Some years ago a doctor asked an elderly Christian woman in England, "If I asked God for five pounds, would I get it?"
The old woman answered with a question. "If you were introduced to the Prince of Wales, would you ask him for money at once?"
"No, not till I knew him better," replied the doctor.
"Well," remarked the woman, "you will need to know God a great deal better before you can expect Him to answer your prayer."
Someone commented on this incident by observing, "Many people presume to ask God for things upon mere acquaintance with Him." Isn’t that often the case? Prayer, as we said before, is simply two friends talking together. The Bible is God’s side of the conversation. When I read the Scriptures, I soon find myself whispering a petition. When I pray, God’s Word comes to mind. When I listen to His Word, my soul bows in adoration.

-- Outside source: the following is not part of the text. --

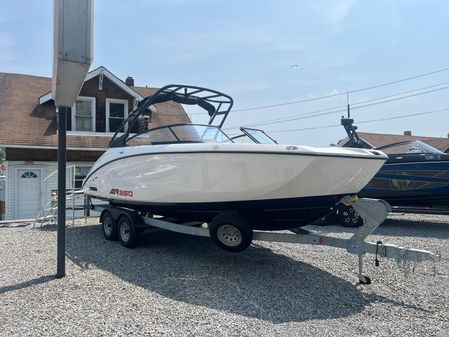 Yamaha-boats AR250 image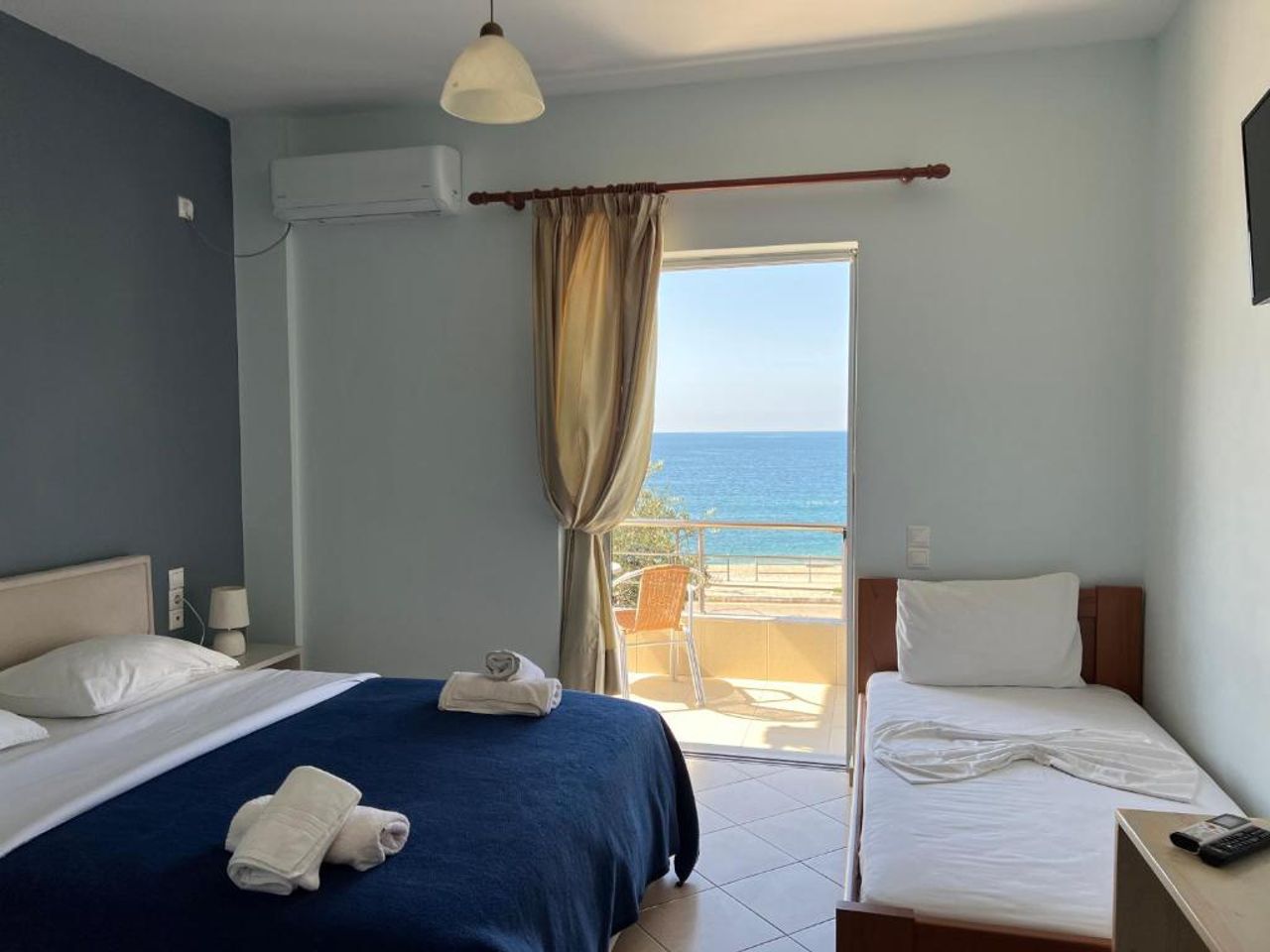 Hotel Prinos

Bible expositor W. Graham Scroggie wrote, "In the Bible God speaks to us, and in prayer we speak to God." The Bible and prayer are intertwined strands forming the intimate cord of communion between God and ourselves.

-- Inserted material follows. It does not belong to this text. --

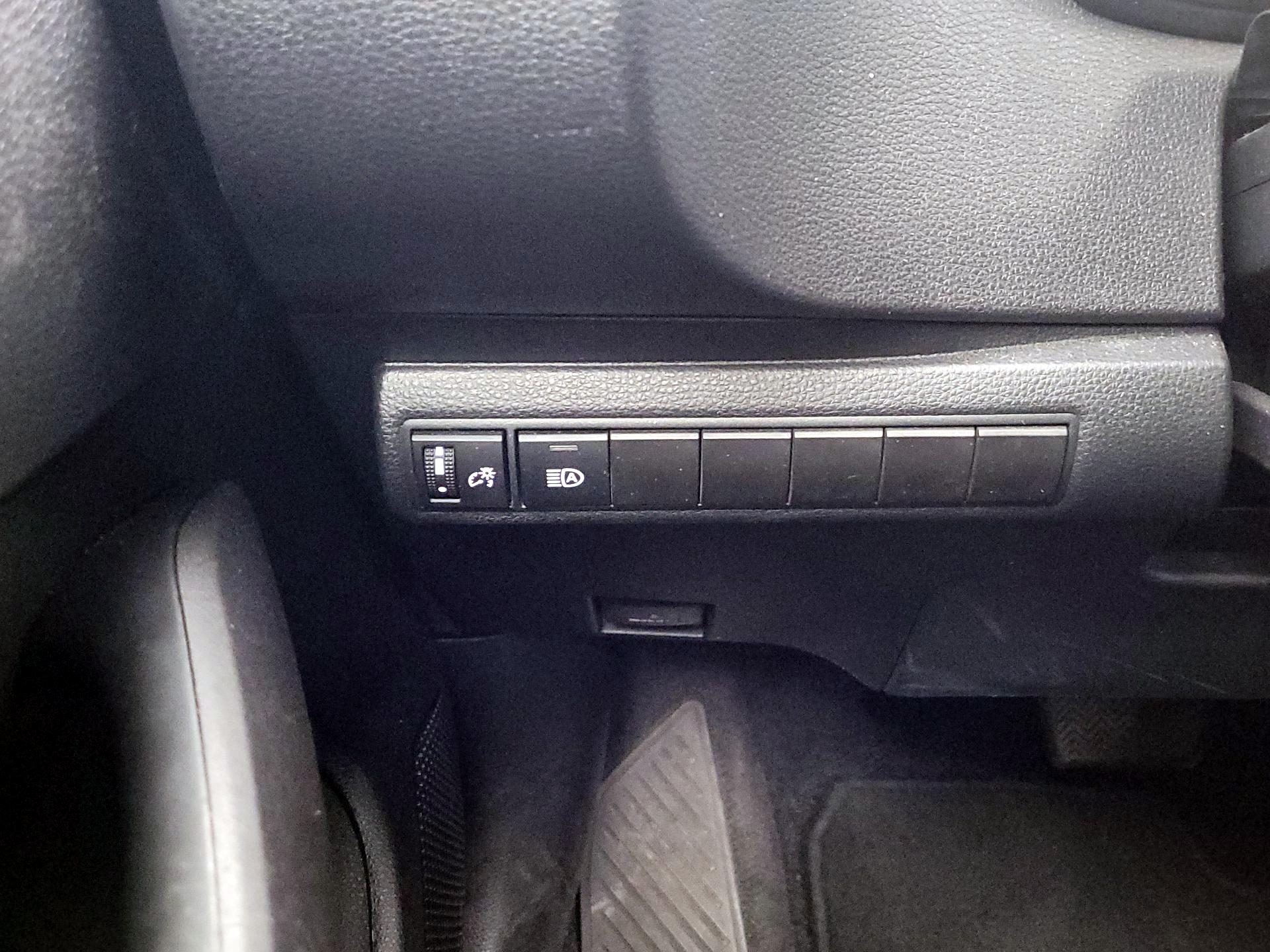 Thumbnail: 2023 Toyota Corolla - 13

Read the great prayers of Moses, Nehemiah, Ezra, and Daniel. In their petitions they spoke God’s words back to Him. This is the prayer language God delights to answer. As you pray, let Him bring Scriptures to mind. Pray them back to God as they apply to you.

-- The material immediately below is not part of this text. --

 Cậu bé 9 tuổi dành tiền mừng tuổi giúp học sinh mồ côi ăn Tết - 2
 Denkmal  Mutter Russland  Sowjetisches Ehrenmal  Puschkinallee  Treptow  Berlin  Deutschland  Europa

Before you spend time reading and studying the Bible each day, pray that God will make your heart sensitive to His Word. Martin Luther said, "Having prayed well is having studied well." We cannot have one without the other.
George Müller fellowshiped with God as few men in history have ever done.
Listen to what Müller said about his times alone with God: "I begin to meditate the New Testament early in the mornings. . . . Invariably, I have found that . . . after so many minutes of meditation, my soul is guided to confession, or to give thanks, or to intercede, or to make a request. So, even when you couldn’t say that I had given myself to prayer, but rather to meditation, nevertheless, it turned out that almost immediately the meditation turned into prayer."
As God’s Word spoke to Müller’s heart, he naturally responded back to God prayer. He enjoyed intimate fellowship with his Lord.
Communication is the key to any relationship. Our relationship with God can grow only as we communicate our adoration, confession, petition, intercession, and thanksgiving to Him through prayer, and as we listen to His voice through the daily study of His Word.
How well do you know God? How intimate is your relationship with Him? George Müller could come to God, ask Him for five pounds, and know his heavenly Father would somehow supply his need. Could you ask God for that, or are you only an acquaintance?